Wright noticed the trend after right-wing provocateur Milo Yiannopoulos referenced the famous first line of “Pride and Prejudice,” turning it into a dig at “ugly” feminists.

“As a Victorian novelist might have put it, it is a truth universally acknowledged that an ugly woman is far more likely to be a feminist than a hot one,” Yiannopoulos wrote.

Some “alt-right” writers use Austen as “shorthand for defiance of the sexual revolution,” according to Wright.

Andrew Anglin, the publisher of the neo-Nazi Daily Stormer website, evoked Austen while praising Taylor Swift — and criticizing Miley Cyrus. Anglin dubbed Taylor Swift an “Aryan goddess.”

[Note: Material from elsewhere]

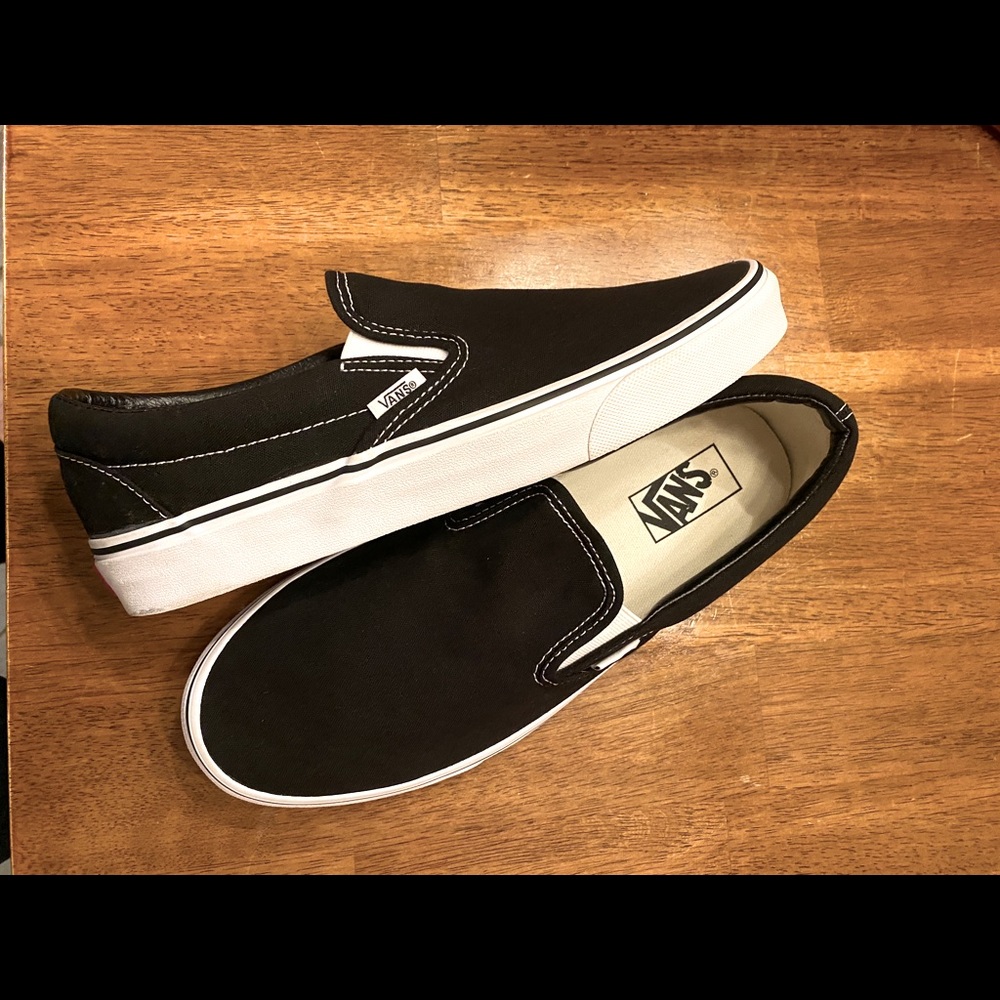 Brand new Vans Slip on Sneakers Men’s Size 9.5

“It’s incredible really that she’s surrounded by these filthy, perverted Jews, and yet she remains capable of exuding 1950s purity, femininity, and innocence,” said Anglin. “She is the anti-Miley. While Miley is out having gang-bangs with colored gentlemen, she is at home with her cat reading Jane Austen.

Reporting on the phenomenon, a New York Times writer observed, Austen’s work has been cited before in political debates.

In this case, some “alt-right” admirers who want to associate their ideology with a household name celebrate Austen’s novels as depicting a lost white world.